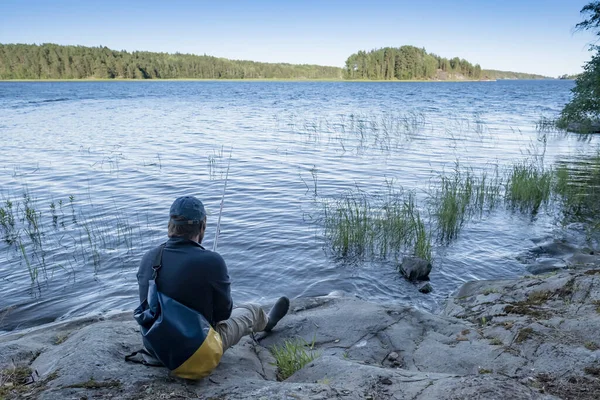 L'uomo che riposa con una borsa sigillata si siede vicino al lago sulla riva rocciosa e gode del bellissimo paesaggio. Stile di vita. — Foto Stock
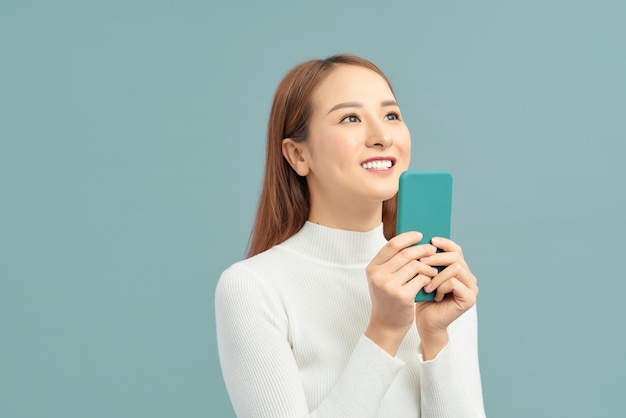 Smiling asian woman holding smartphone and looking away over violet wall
==
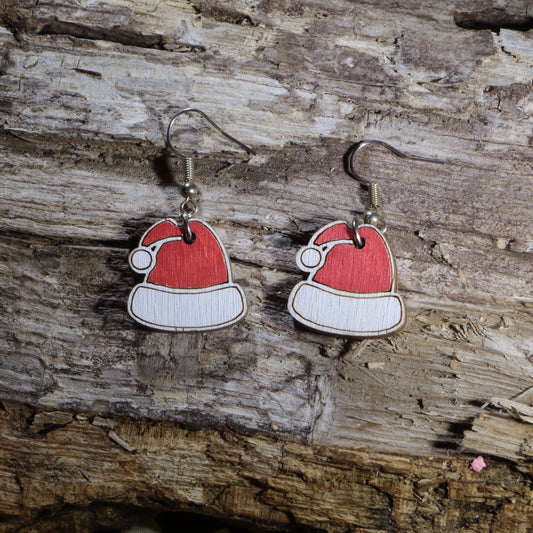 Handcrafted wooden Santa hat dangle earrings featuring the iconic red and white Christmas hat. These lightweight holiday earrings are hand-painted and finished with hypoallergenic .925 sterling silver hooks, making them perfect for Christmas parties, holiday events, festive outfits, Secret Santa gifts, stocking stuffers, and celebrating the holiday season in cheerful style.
...
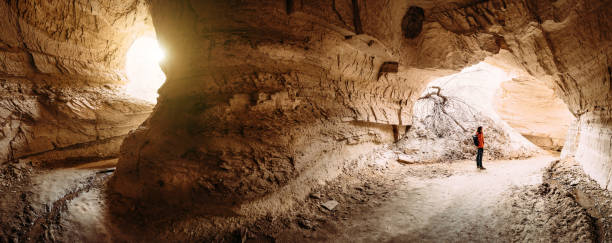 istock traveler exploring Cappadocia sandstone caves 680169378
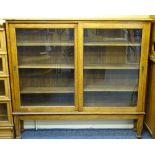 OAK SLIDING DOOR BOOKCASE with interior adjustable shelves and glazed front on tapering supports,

**Aim of the task**
When copying from the data above, begin at the line containing "istock traveler exploring" and end at the line containing "OAK SLIDING DOOR"; return those lines exactly and leave all pictures behind.

**Response box**
 istock traveler exploring Cappadocia sandstone caves 680169378
 OAK SLIDING DOOR BOOKCASE with interior adjustable shelves and glazed front on tapering supports,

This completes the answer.